Let’s say I’m writing my own StringBuilder in a compiled language (e.g. C++).
What is the best way to measure the performance of various implementations? Simply timing a few hundred thousand runs yields highly inconsistent results: the timings from one batch to the other can differ by as much as 15%, making it impossible to accurately assess potential performance improvements that yield performance gains smaller than that.
I’ve done the following:
- Disable SpeedStep
- Use RDTSC for timing
- Run the process with realtime priority
- Set the affinity to a single CPU core
This stabilizied the results somewhat. Any other ideas?
It’s really hard to precisely measure a piece of code. For such requirements, I recommend you to have look at Agner Fog’s test suite. By using it, you can measure clock cycles and collect some important factors (such as cache misses, branch mispredictions etc.).
Also, I recommend you to have look at PDF document from Agner’s site. It’s a really invaluable document to make possible such micro-optimization.

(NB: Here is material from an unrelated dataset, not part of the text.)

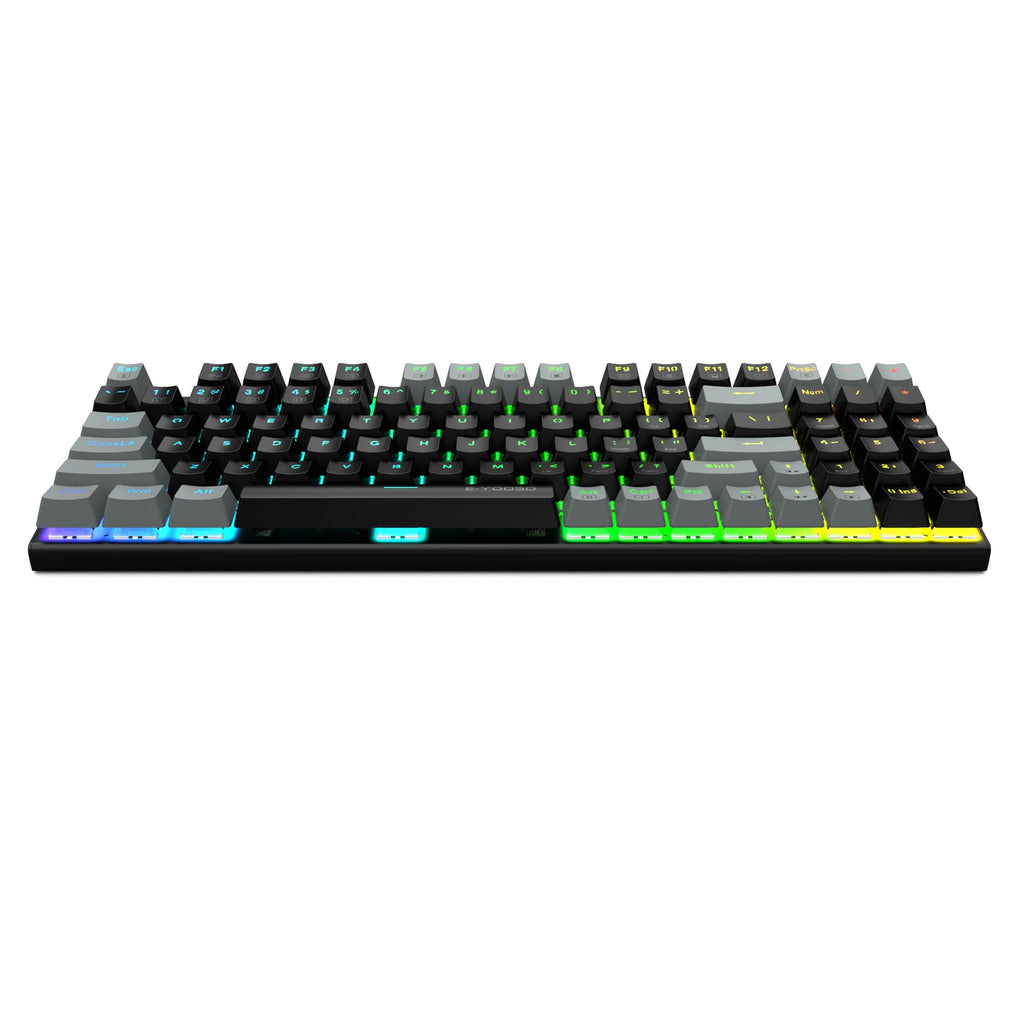 Custom 94 Keys Wired USB Interface Mechanical Keyboard RGB Hot Swap Gaming Mechanical Keyboard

As a side note, actual performance is not a function of “clock cycles”. Cache misses can change everything for each run within a real application. So, I would optimize cache misses first. Simply running a piece of code several times for same memory portion, decreases cache miss dramatically. So, it makes it hard to measure precisely. Whole application tuning is usually better idea IMO. Intel VTune and other tools are really good for such usages.